94. Parsonsia floribunda (Sw.) R.Br. ex Steud. = Pinochia floribunda (Sw.) M.E.Endress & B.F.Hansen
95. Parsonsia francii Guillaumin = Artia francii (Guillaumin) Pichon
96. Parsonsia galeottiana Baill. = Thenardia galeottiana Baill.
97. Parsonsia javanica Blume 1826 not (Blume) K. Schum 1895 = Urceola javanica (Blume) Boerl.
98. Parsonsia leptocarpa Hook. & Arn. = Forsteronia leptocarpa (Hook. & Arn.) A.DC.

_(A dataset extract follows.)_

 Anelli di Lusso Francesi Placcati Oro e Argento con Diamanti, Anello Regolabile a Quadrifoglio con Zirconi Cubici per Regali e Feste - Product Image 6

99. Parsonsia lifuana Baill. = Artia lifuana (Baill.) Pichon ex Guillaumin
100. Parsonsia myrtifolia (Poir.) Roem. & Schult. = Landolphia myrtifolia (Poir.) Markgr.

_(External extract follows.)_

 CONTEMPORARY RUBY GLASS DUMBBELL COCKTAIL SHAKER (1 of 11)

101. Parsonsia ovata Wall. ex G.Don = Pottsia laxiflora (Blume) Kuntze
102. Parsonsia spicata (Jacq.) R.Br. ex Steud. = Forsteronia spicata (Jacq.) G.Mey.

==Cultivation==
A species from New Zealand, Parsonsia variablis (Variable-leaved Parsonsia), was introduced into cultivation in England in 1847 as a greenhouse plant and was noted to have a sweet scent, however the flowers were regarded as "not very showy". This species is thought to be a form of Parsonsia heterophylla.